#### Extracted entries
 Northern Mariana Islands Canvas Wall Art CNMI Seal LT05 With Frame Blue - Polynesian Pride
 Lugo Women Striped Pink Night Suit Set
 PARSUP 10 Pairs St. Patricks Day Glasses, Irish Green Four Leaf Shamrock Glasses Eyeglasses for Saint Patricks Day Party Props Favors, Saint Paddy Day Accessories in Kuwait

* * *

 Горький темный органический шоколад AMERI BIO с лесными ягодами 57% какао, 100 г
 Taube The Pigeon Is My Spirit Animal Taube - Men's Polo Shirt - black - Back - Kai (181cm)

#### Work request
Lines to set down from above: the line with "Northern Mariana Islands", the line with "PARSUP 10 Pairs", and every line between, each exactly as written.

#### Answer to the exercise
 Northern Mariana Islands Canvas Wall Art CNMI Seal LT05 With Frame Blue - Polynesian Pride
 Lugo Women Striped Pink Night Suit Set
 PARSUP 10 Pairs St. Patricks Day Glasses, Irish Green Four Leaf Shamrock Glasses Eyeglasses for Saint Patricks Day Party Props Favors, Saint Paddy Day Accessories in Kuwait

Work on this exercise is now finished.